Named for Signe Skott Cooper, a longtime UW nursing educator and member of the American Nursing Association Hall of Fame, Signe Skott Cooper Hall opened to nursing students and faculty in the fall of 2014, and its educational impact is already being felt in a digitized age.

“Over its long history, the School of Nursing has fostered leadership in science, education, and practice,” said Katharyn May, dean and professor of the School of Nursing. “Dean Helen Bunge, the school’s first dean, established the very first research journal for nursing, Nursing Research, which continues to be the gold standard.

“Today, the digital age drives nursing’s discovery enterprise. Manifest in the design of Cooper Hall is the notion that nursing must push past conventional thinking to remove the barriers to person- and family-centered care.”

The 166,500-square-foot free-standing home to the nursing school, built by J.H. Findorff & Son Inc., was nearly 30 years in the making, earning private donations, securing state funding, and involving input from numerous faculty and staff. For decades, the School of Nursing lacked a significant presence and identity on campus, despite its highly ranked national status.

The $53 million project took just over two years to complete, and now Signe Skott Copper Hall offers one of the largest active learning spaces in the country, designed to support best practices in nursing and inter-professional health education.

Classrooms are fully interactive and integrated with wireless and wired instructional technology. The state-of-the-art facility supports 30% growth in faculty numbers, research programs, and enrollment. Expected to serve up to 650 people annually, the school’s future development has also been taken into account.

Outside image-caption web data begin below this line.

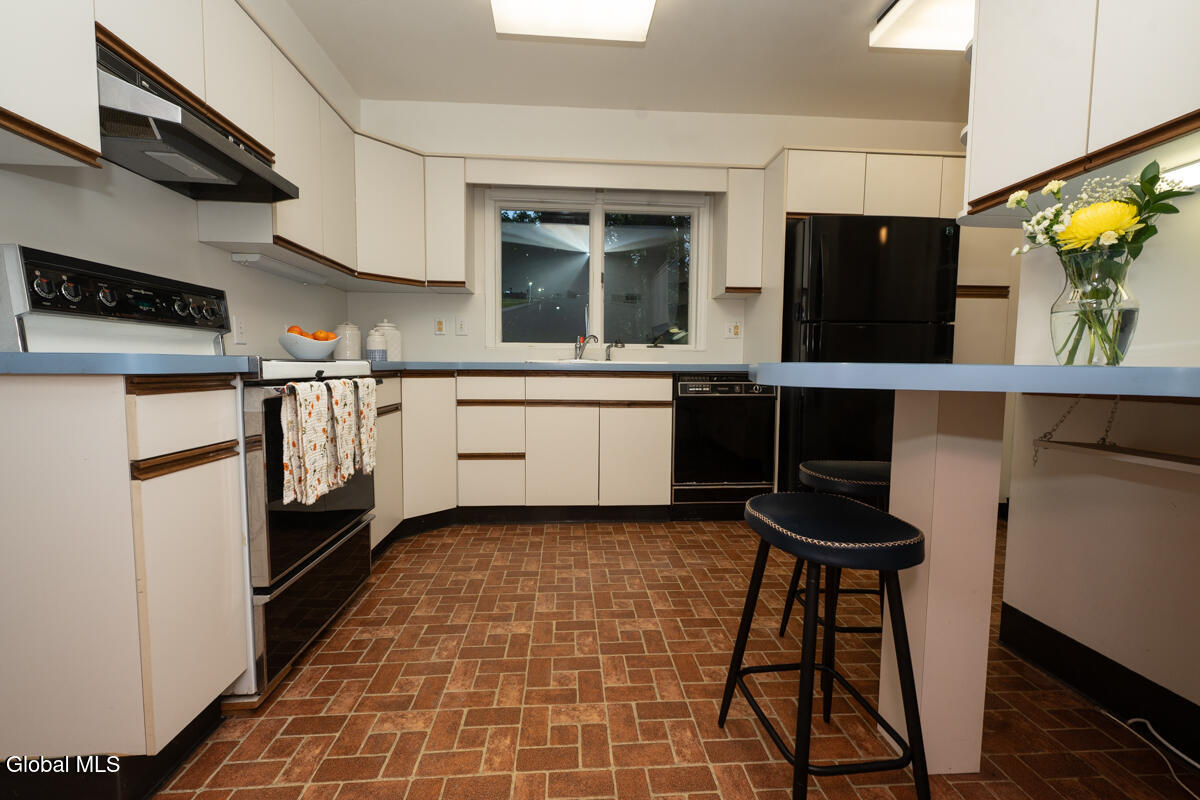 21 Douglas Road Delmar NY 12054
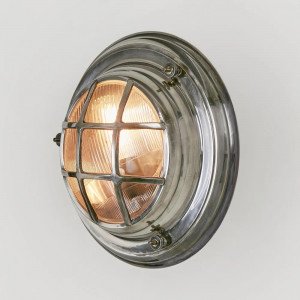 messing lamp in de kleur antiek zilver met een E27 fitting messing lamp in de kleur antiek zilver met een E27 fitting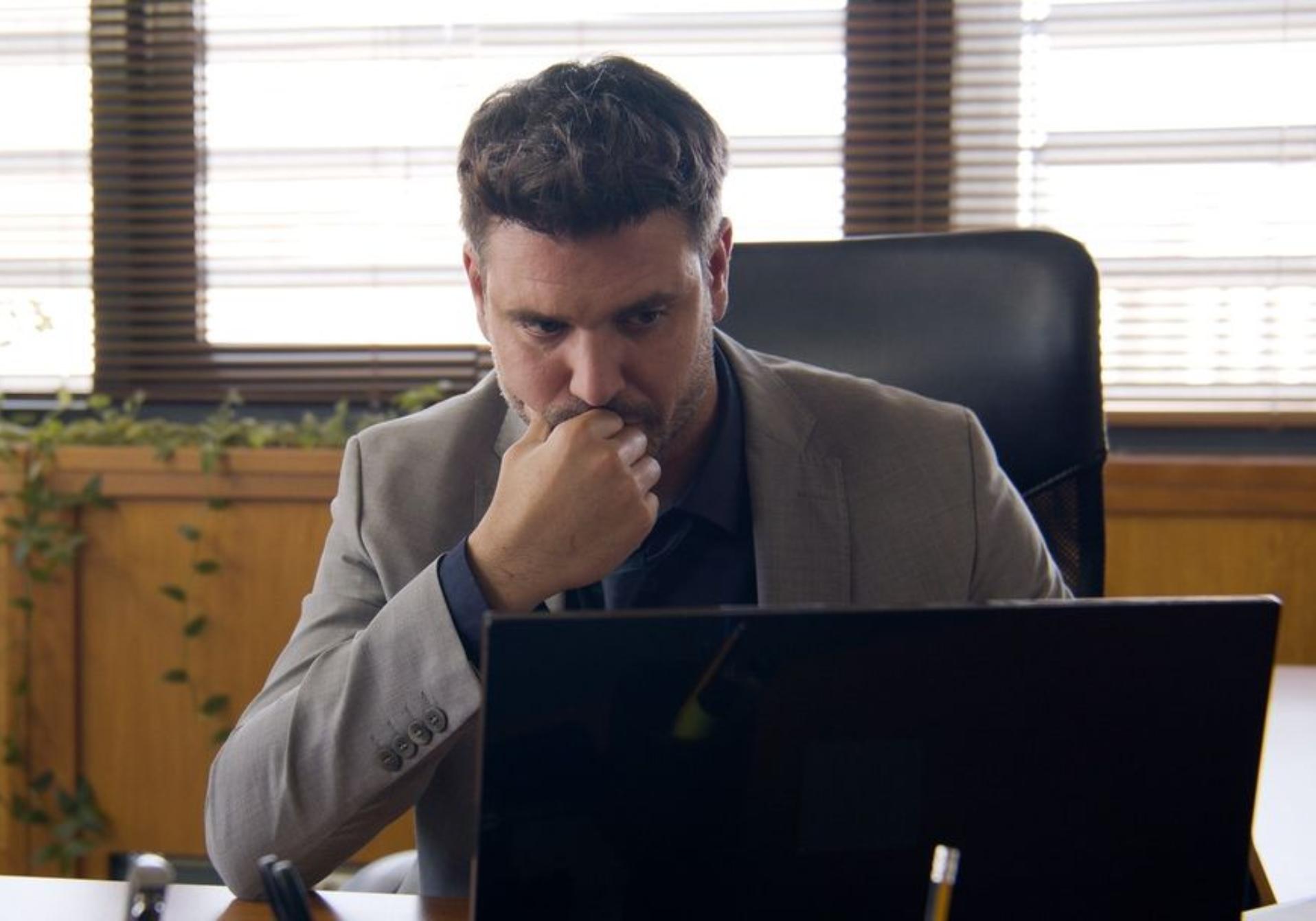 Παγιδευμένοι: Ο Σπύρος σε πανικό – Ο Αλέκος διαλύει τη ζωή όλων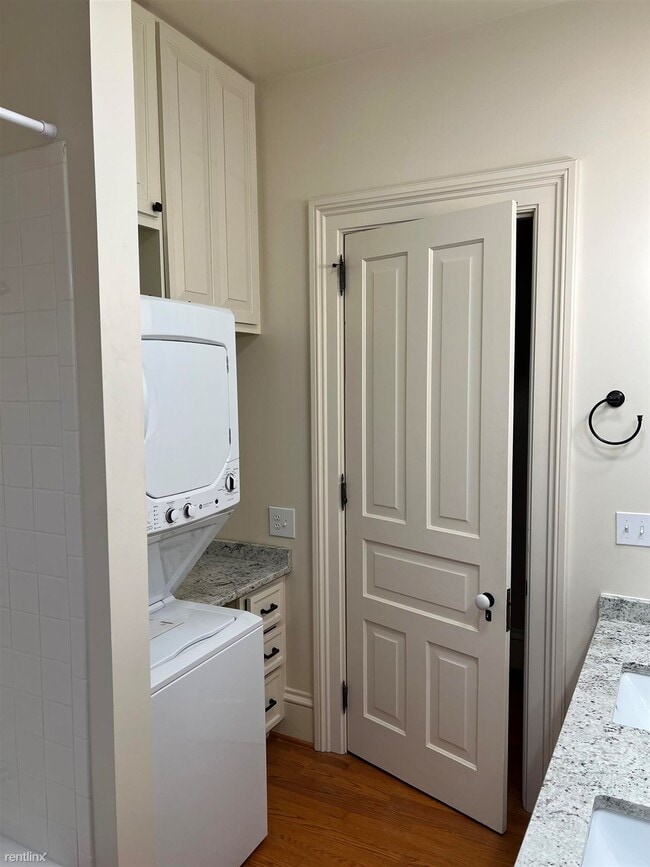 Building Photo - 3 br, 2.5 bath House - 206 S Huron St Apar...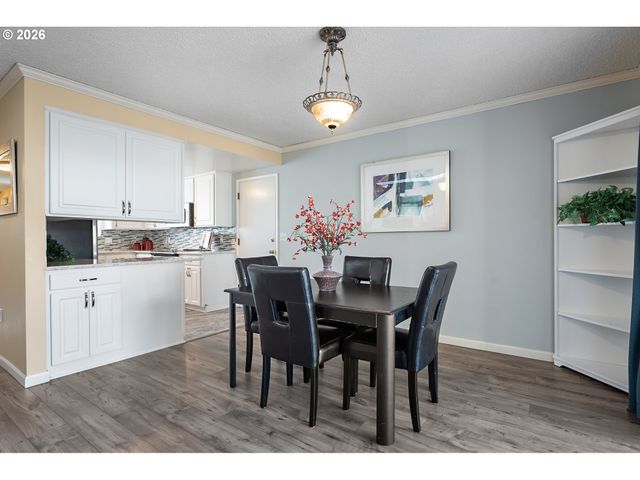 12430 Sw KING GEORGE Dr, King City, OR 97224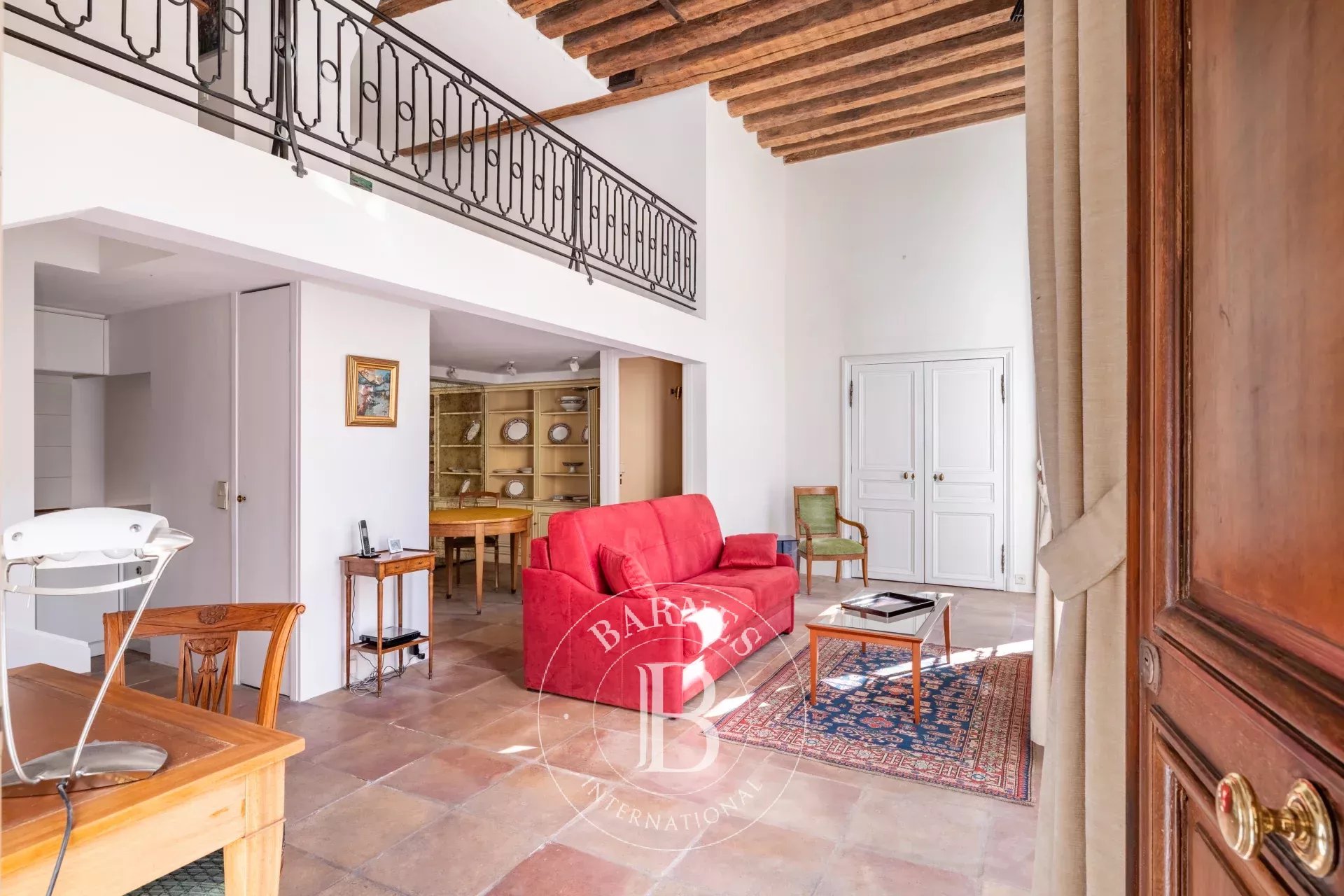 Daire Paris 4ème - picture 4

The building is to “serve the State of Wisconsin for the next century,” said Mark VanderWoude, assistant dean for facilities and planning. As of right now, the facility’s north wing is only two stories, but was constructed to support three more floors. Additionally, the building was designed to remain flexible in support of the changing needs for future generations of faculty and students.

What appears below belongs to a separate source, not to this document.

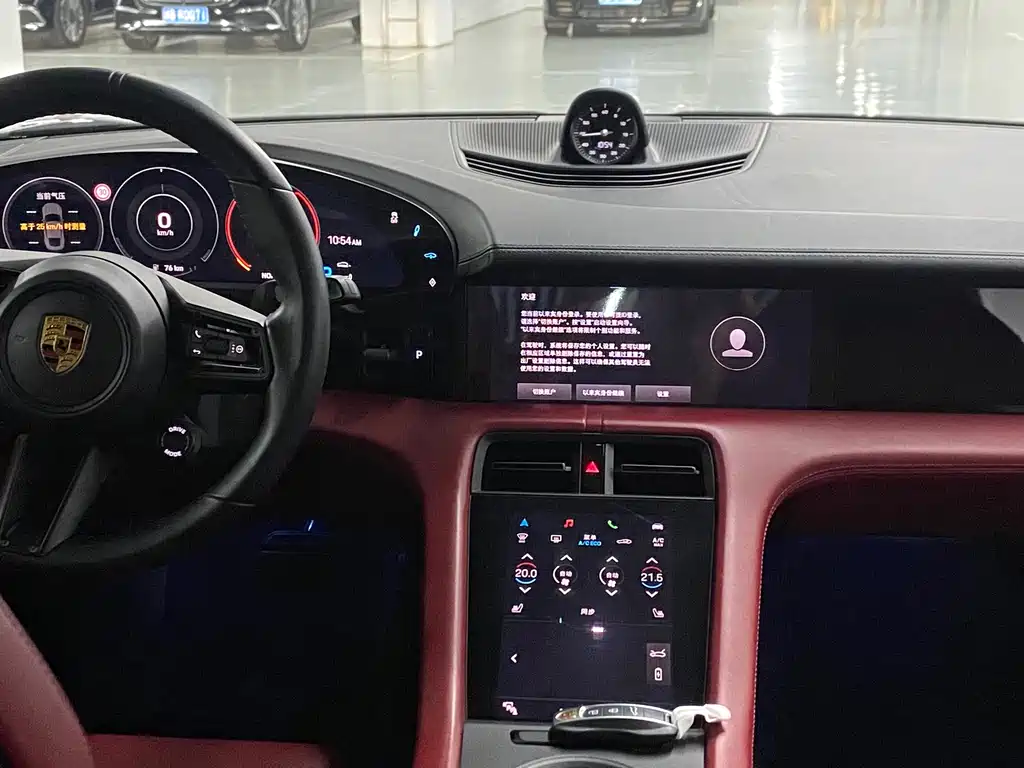 Porsche Taycan — миниатюра 7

The new building also changes how students are educated. Active learning environments throughout the new hall stress a health care standard of excellence: team-based, patient-centered care that stretches from the first clinic visit or hospital admission to in-home monitoring, encompassing the entire continuum of care concept.

“Over time, faculty continually have sought new ways to teach nursing to undergraduates. Cooper Hall provides students with learning opportunities to study person-centered care from inspired educators knowledgeable about consumer-health technologies,” noted May.

What this all translates into are more new nurses entering the workforce already armed with the know-how to make a difference right away with their new employers.

“Today, our graduates reach across the globe to serve the health needs of populations — caring for the homeless in a respite care facility in Washington, D.C., providing primary care for orphaned children in Kenya, staffing disaster relief efforts in the slums of Haiti,” May said. And the UW has a tradition of educating the largest number of Peace Corps volunteers — more than anywhere in the country, she adds. Nursing has played its part in this effort.